Da gerät vieles in der Politik gleich zum „Streit", was die Beteiligten natürlich nur als notwendige und ganz normale Diskussion verstanden wissen wollen. Und wenn es erkennbar drunter und drüber geht, geht es wohl um Klärungsprozesse. Und schon ist der schönste Streit im Gang, was denn nun wirklich los ist.
Die Frage drängt sich derzeit für Teile der saarländischen Parteienlandschaft auf. Und weil Propheten so einiges vorausgesagt haben, lässt sich zur Antwort darauf zitieren: „Ich sah die Erde an und sie war Tohuwabohu". Heute heißt es eher Chaos.
Für die Auseinandersetzungen bei den Linken mag das sicherlich nach den jüngsten Zuspitzungen in lange gärenden und nie geklärten Verhältnissen zutreffen.
Dagegen nimmt sich der Rat der Landeshauptstadt mit der Wahl der Kulturdezernentin fast wie ein demokratisches Lehrstück aus. Da folgen einige Ratsherren und -frauen ihrer inhaltlichen Überzeugung – und schon sieht die Welt ganz anders aus.
Natürlich ist die Sache nicht ganz so einfach. Weshalb der Rat auch für die Chaosforschung taugen würde. Die beschäftigt sich mit unvorhersagbaren Entwicklungen, und das, obwohl die Ausgangsbedingungen eigentlich deterministisch sind, also alles vorhersagbar sein müsste.
Etwa so wie beim Wetter.
Die Chaosforschung meint, dass chaotische Systeme trotz nicht vorhersagbaren Verhaltens doch typische Verhaltensmuster aufweisen. Saarländische Jamaika-Bündnisse scheinen da ein lohnenswertes Studienobjekt.
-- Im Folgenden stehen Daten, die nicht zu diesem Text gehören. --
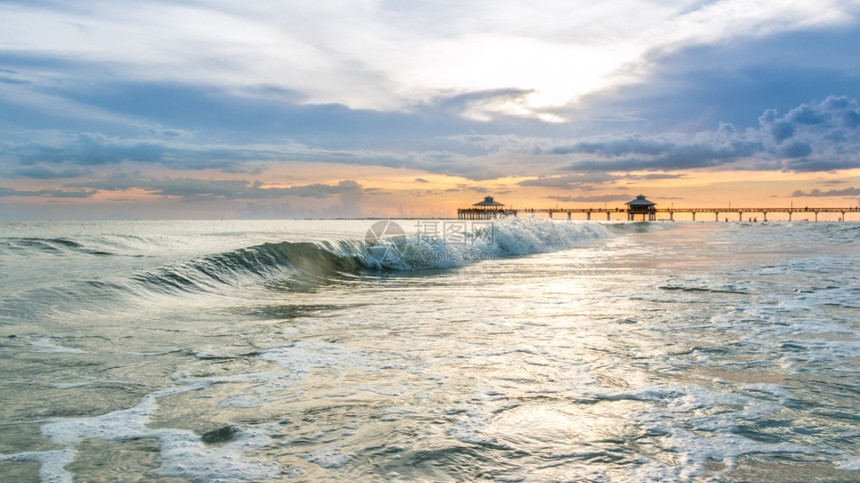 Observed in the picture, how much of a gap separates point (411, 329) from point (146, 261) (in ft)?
27.3

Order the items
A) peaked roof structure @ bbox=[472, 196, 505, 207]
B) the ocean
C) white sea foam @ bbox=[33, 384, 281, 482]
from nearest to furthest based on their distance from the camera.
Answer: white sea foam @ bbox=[33, 384, 281, 482] < the ocean < peaked roof structure @ bbox=[472, 196, 505, 207]

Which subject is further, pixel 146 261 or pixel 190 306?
pixel 146 261

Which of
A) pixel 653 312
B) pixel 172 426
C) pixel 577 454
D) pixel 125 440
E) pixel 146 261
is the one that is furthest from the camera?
pixel 146 261

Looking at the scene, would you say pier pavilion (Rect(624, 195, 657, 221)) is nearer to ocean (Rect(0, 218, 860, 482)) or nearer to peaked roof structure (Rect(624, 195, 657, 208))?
peaked roof structure (Rect(624, 195, 657, 208))

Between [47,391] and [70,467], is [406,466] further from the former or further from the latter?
[47,391]

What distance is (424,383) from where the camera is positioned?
4.51m

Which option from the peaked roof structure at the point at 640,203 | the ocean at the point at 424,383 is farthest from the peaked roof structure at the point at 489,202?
the ocean at the point at 424,383

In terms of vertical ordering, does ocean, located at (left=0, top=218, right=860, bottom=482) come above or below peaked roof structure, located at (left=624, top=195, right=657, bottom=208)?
below

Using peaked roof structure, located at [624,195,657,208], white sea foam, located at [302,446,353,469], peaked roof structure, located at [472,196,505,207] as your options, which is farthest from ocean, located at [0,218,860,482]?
peaked roof structure, located at [624,195,657,208]

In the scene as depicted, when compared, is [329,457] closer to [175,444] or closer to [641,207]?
[175,444]

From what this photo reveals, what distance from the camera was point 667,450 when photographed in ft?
10.5

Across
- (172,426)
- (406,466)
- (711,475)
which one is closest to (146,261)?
(172,426)

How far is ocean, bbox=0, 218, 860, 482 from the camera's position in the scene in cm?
306

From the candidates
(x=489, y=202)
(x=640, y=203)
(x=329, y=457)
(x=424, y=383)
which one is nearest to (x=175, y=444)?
(x=329, y=457) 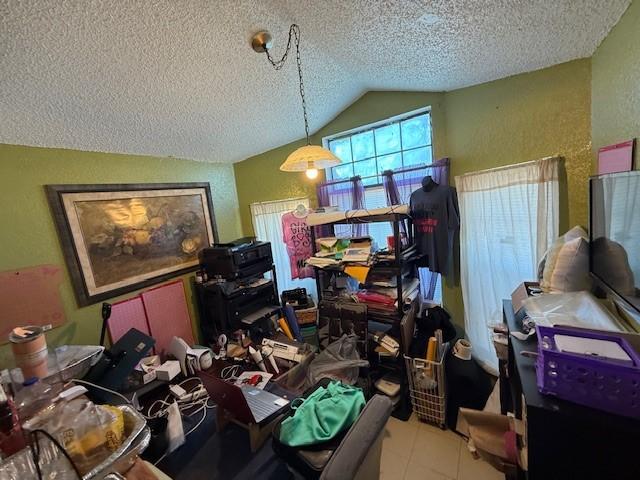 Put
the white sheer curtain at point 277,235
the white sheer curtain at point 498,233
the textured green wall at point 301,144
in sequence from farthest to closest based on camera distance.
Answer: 1. the white sheer curtain at point 277,235
2. the textured green wall at point 301,144
3. the white sheer curtain at point 498,233

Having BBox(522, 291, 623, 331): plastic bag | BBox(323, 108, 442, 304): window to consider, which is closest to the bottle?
BBox(522, 291, 623, 331): plastic bag

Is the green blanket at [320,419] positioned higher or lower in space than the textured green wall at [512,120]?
lower

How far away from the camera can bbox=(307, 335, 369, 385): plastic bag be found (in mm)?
1718

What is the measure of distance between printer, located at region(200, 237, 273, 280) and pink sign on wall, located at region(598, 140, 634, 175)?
2.39 meters

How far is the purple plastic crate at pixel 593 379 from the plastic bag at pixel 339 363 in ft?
3.76

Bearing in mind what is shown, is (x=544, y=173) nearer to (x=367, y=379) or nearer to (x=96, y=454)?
(x=367, y=379)

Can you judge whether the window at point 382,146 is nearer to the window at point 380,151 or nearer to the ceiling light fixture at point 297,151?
the window at point 380,151

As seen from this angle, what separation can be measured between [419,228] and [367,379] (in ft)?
3.91

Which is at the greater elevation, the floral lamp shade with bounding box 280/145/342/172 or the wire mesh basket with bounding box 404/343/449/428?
the floral lamp shade with bounding box 280/145/342/172

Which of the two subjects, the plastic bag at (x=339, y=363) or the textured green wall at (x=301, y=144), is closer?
the plastic bag at (x=339, y=363)

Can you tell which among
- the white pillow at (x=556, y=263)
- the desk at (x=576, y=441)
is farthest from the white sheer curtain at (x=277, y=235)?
the desk at (x=576, y=441)

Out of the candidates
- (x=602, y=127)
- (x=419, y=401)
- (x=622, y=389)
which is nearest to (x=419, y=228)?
(x=602, y=127)

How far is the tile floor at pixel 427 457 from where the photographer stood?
1495 mm

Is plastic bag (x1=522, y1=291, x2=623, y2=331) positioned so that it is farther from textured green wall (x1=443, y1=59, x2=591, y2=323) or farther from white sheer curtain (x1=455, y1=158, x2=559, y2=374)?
textured green wall (x1=443, y1=59, x2=591, y2=323) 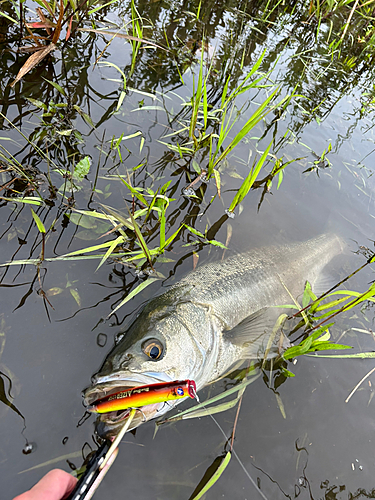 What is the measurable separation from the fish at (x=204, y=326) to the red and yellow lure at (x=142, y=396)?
0.04 m

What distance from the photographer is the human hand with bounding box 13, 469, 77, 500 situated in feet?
5.06

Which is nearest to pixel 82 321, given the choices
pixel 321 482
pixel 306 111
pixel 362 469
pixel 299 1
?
pixel 321 482

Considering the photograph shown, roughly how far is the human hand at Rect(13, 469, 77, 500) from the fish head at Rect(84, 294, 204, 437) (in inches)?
10.8

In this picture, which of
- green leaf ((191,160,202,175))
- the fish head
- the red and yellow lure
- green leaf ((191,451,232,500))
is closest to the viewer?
the red and yellow lure

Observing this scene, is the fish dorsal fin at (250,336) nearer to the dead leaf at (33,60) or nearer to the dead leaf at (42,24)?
the dead leaf at (33,60)

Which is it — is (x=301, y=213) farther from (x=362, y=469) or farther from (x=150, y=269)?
(x=362, y=469)

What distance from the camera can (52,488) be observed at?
161cm

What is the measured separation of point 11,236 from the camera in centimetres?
274

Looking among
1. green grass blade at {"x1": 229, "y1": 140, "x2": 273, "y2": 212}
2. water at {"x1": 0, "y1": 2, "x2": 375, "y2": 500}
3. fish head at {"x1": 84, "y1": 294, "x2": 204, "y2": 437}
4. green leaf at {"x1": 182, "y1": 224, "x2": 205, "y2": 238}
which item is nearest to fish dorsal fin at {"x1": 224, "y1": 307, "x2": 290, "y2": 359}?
water at {"x1": 0, "y1": 2, "x2": 375, "y2": 500}

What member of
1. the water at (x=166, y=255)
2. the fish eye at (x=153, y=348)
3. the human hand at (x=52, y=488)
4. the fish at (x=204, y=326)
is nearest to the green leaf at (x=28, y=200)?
the water at (x=166, y=255)

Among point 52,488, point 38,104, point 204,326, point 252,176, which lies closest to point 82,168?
point 38,104

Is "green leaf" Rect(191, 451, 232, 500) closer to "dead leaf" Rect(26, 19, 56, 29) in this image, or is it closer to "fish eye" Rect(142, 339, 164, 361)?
"fish eye" Rect(142, 339, 164, 361)

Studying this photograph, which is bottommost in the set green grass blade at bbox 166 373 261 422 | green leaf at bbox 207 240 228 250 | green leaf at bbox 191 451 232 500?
green leaf at bbox 191 451 232 500

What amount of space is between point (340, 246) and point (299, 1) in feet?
28.8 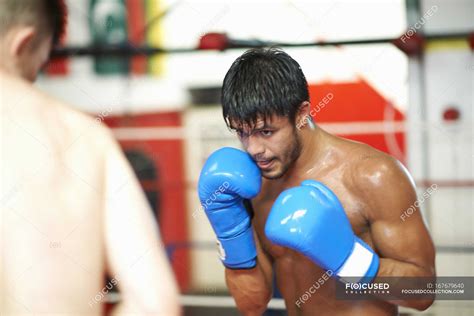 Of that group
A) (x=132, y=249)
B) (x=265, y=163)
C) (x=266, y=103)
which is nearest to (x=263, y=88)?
(x=266, y=103)

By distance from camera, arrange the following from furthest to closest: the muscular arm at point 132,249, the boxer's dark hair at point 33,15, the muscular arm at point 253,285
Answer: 1. the muscular arm at point 253,285
2. the boxer's dark hair at point 33,15
3. the muscular arm at point 132,249

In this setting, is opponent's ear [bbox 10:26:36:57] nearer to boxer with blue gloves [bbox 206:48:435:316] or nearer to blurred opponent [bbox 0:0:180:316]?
blurred opponent [bbox 0:0:180:316]

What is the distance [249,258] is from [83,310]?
541mm

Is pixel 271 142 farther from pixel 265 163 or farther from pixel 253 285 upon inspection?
pixel 253 285

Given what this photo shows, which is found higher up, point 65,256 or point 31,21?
point 31,21

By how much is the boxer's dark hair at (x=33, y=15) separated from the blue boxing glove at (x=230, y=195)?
0.42m

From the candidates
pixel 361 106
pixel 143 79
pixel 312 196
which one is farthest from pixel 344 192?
pixel 143 79

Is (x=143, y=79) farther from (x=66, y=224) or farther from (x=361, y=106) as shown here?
(x=66, y=224)

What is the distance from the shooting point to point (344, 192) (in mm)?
1075

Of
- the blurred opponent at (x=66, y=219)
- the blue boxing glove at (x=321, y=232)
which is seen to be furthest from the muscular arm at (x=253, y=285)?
the blurred opponent at (x=66, y=219)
Und nur ein etwas irritierter Schelm könnte auf die Idee kommen, dass das gleiche auch für die Grünen vor ihrem Wahlparteitag gelten könnte.
Chaosforschung geht jedenfalls davon aus, dass bei allen Unabwägbarkeiten irgendwie doch eine innere Ordnung herrscht. Nur können halt schon winzige Änderungen zu unerwarteten Ergebnissen führen. Weshalb einige Politik so spannend finden und ständig versuchen, an Schräubchen zu drehen. Dem geneigten Wahlvolk, so es noch geneigt ist, bleibt nur, sich Chaosforschern anzuschließen auf der Suche nach so etwas wie Berechenbarkeit.